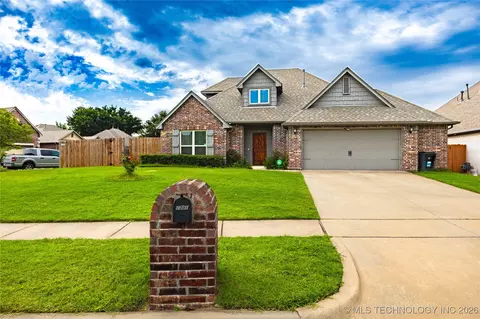 1301 W Elmira Pl, Broken Arrow, OK 74012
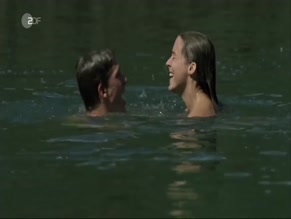 BERNADETTE HEERWAGEN in AN DIE GRENZE (2007)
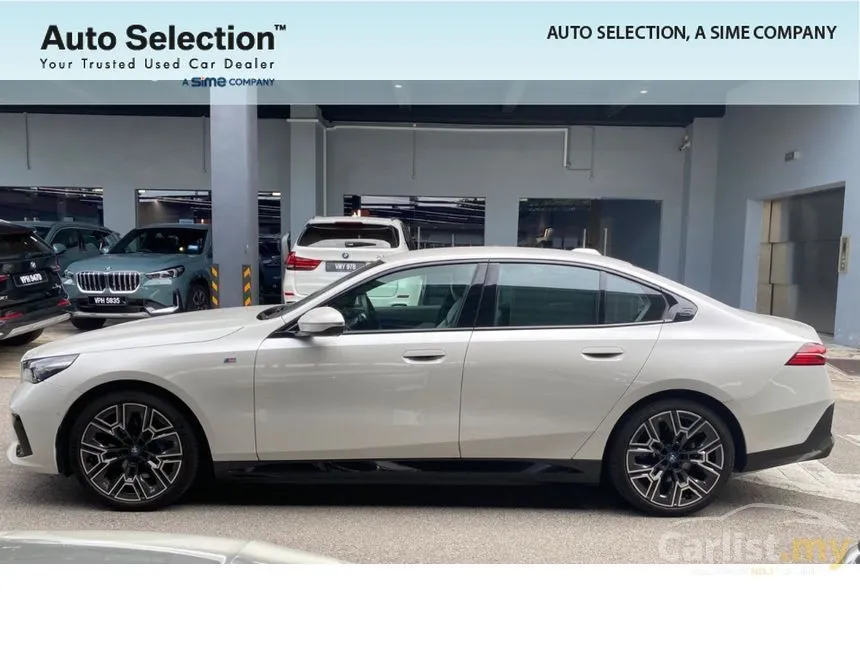 2024 BMW i5 eDrive40 M Performance Sedan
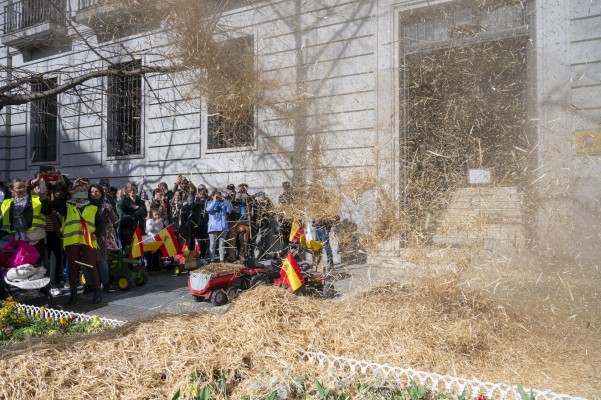Tractoradas, reparto de naranjas, limones y heno en el suelo: la protesta agrícola no cesa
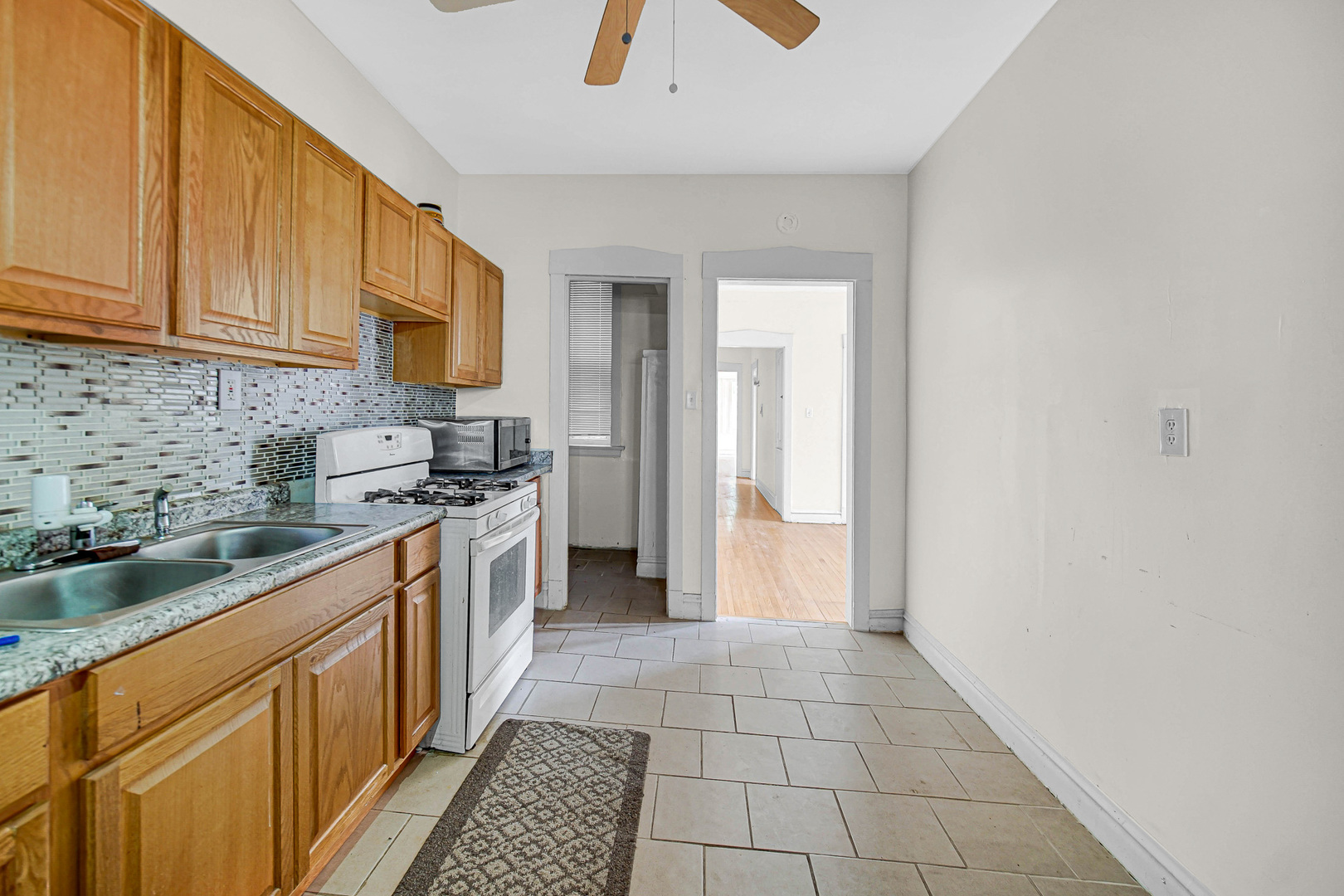 7335 S Michigan Avenue, Chicago, IL 60619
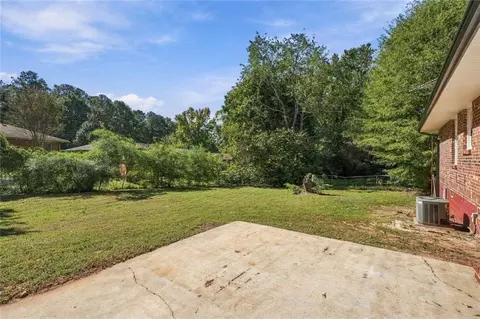 Exterior - 3085 Bobolink Dr, Rex, GA 30273 photo 4 of 5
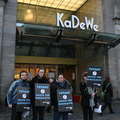 Protesters in Berlin outside KaDeWe, where Tiffany is located. <small>© Corinna Hoppenstedt</small>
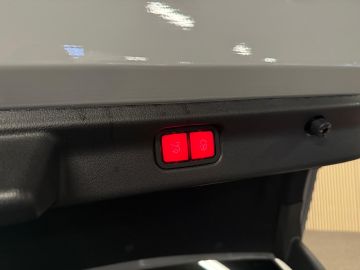 Mercedes-Benz EQE 300 AMG Styling 89 kWh-PANORAMA-NIGHT-MEMORY-ACC-CAMERA-ZEER COMP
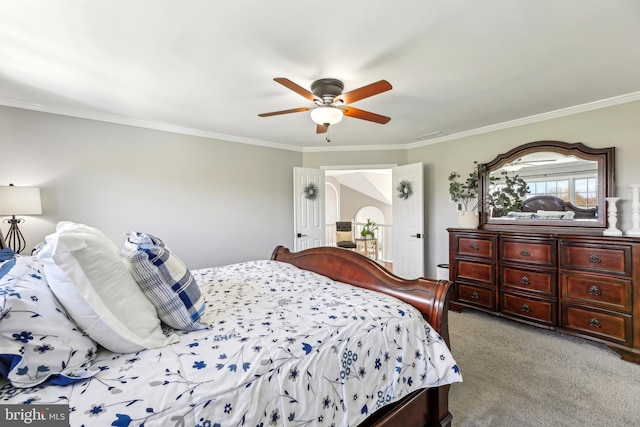 bedroom featuring crown molding, carpet flooring, and a ceiling fan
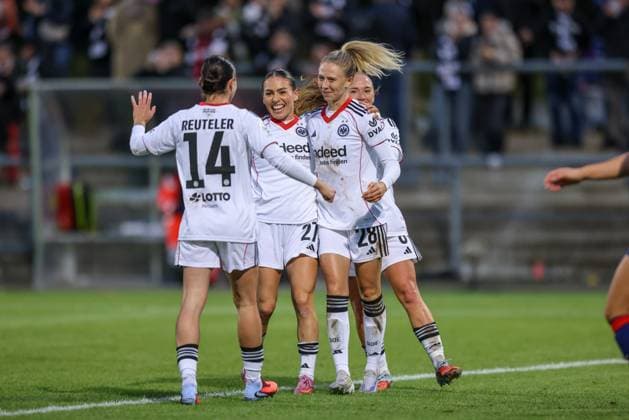 DEU, Frankfurt, Eintracht Frankfurt vs RB Leipzig, Google Pixel Frauen Bundesliga DFB, Saison 2526, Stadion am Bretanobad, 3 Spieltag, im Bild Rebecka Blomqvist Eintracht Frankfurt 28 scores the goal to make it 4 2, jubilation and joy, Gà raldine Reuteler Eintracht Frankfurt 14 , Erà leta Memeti Eintracht Frankfurt 27 , Lisanne Gräwe Eintracht Frankfurt 8 DFB DFL REGULATIONS PROHIBIT ANY USE OF PHOTOGRAPHS AS IMAGE SEQUENCES AND OR QUASI VIDEO, 22 09 2025, Copyright: HMBxMedia HendrikxHamelau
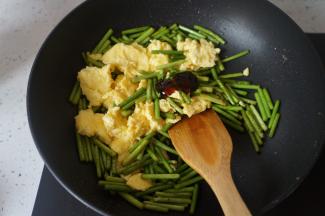 放入鸡蛋,蚝油.翻炒均匀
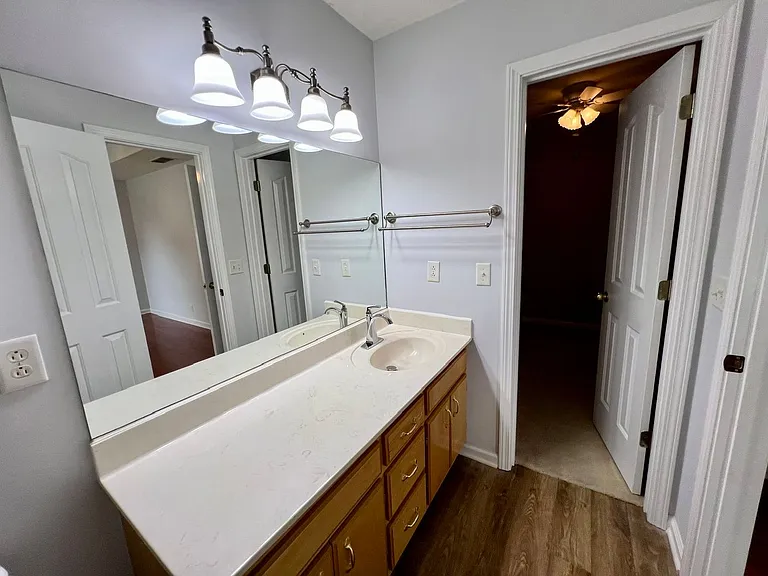 2720 Roscommon Dr — Photo 19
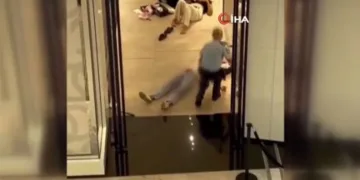 Alışveriş merkezinde bıçaklı saldırgan paniği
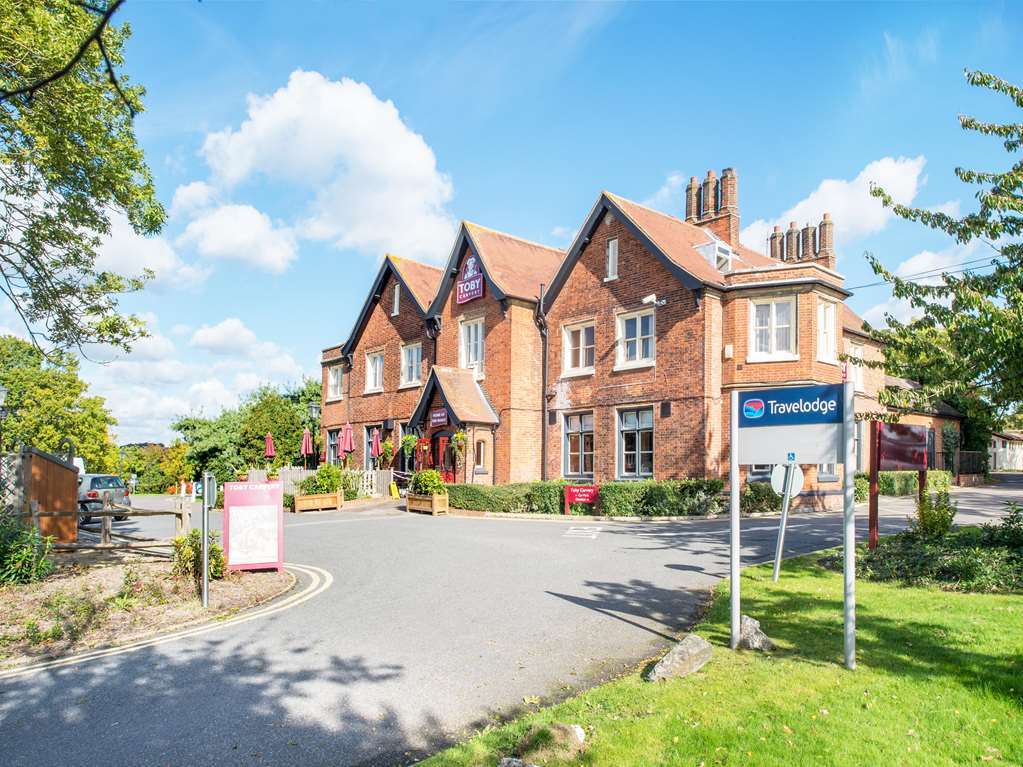 Travelodge Basildon וויקפורד מראה חיצוני תמונה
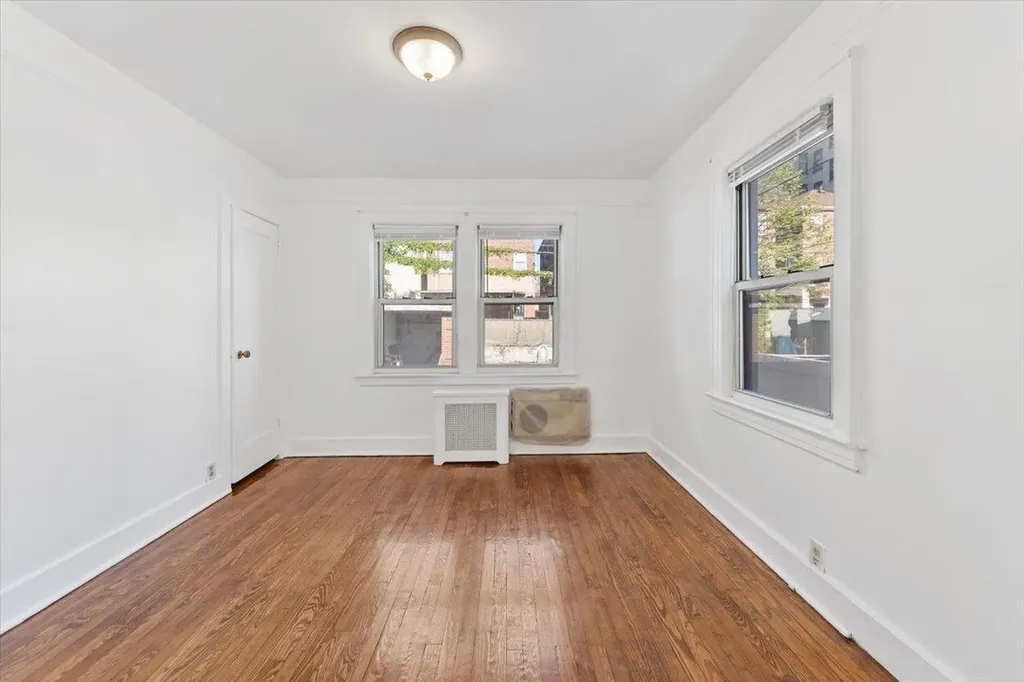 1856 Edison Avenue Bronx NY 10461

═══

Exactly as they stand, set down the lines from the start of the material through the line with "bedroom featuring crown", both ends included, omitting the pictures.

 1301 W Elmira Pl, Broken Arrow, OK 74012
 BERNADETTE HEERWAGEN in AN DIE GRENZE (2007)
 2024 BMW i5 eDrive40 M Performance Sedan
Tractoradas, reparto de naranjas, limones y heno en el suelo: la protesta agrícola no cesa
 7335 S Michigan Avenue, Chicago, IL 60619
 Exterior - 3085 Bobolink Dr, Rex, GA 30273 photo 4 of 5
 Protesters in Berlin outside KaDeWe, where Tiffany is located. <small>© Corinna Hoppenstedt</small>
 Mercedes-Benz EQE 300 AMG Styling 89 kWh-PANORAMA-NIGHT-MEMORY-ACC-CAMERA-ZEER COMP
 bedroom featuring crown molding, carpet flooring, and a ceiling fan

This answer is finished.